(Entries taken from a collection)

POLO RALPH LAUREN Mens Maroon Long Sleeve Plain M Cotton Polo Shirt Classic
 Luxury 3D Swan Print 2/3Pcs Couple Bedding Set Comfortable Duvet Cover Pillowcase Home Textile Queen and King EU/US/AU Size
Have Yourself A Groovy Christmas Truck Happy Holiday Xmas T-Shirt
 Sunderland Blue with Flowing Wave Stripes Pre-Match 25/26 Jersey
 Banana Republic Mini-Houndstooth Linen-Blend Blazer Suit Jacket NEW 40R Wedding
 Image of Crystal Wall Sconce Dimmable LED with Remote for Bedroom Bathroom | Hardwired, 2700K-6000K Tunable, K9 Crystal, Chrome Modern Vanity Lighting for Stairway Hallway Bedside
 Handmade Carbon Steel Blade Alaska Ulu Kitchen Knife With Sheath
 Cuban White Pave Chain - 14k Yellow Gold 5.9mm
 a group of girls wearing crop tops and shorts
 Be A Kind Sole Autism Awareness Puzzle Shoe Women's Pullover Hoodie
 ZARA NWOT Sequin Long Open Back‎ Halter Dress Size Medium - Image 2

About this task = Each entry above is to be written out exactly.

Response below =
POLO RALPH LAUREN Mens Maroon Long Sleeve Plain M Cotton Polo Shirt Classic
 Luxury 3D Swan Print 2/3Pcs Couple Bedding Set Comfortable Duvet Cover Pillowcase Home Textile Queen and King EU/US/AU Size
Have Yourself A Groovy Christmas Truck Happy Holiday Xmas T-Shirt
 Sunderland Blue with Flowing Wave Stripes Pre-Match 25/26 Jersey
 Banana Republic Mini-Houndstooth Linen-Blend Blazer Suit Jacket NEW 40R Wedding
 Image of Crystal Wall Sconce Dimmable LED with Remote for Bedroom Bathroom | Hardwired, 2700K-6000K Tunable, K9 Crystal, Chrome Modern Vanity Lighting for Stairway Hallway Bedside
 Handmade Carbon Steel Blade Alaska Ulu Kitchen Knife With Sheath
 Cuban White Pave Chain - 14k Yellow Gold 5.9mm
 a group of girls wearing crop tops and shorts
 Be A Kind Sole Autism Awareness Puzzle Shoe Women's Pullover Hoodie
 ZARA NWOT Sequin Long Open Back‎ Halter Dress Size Medium - Image 2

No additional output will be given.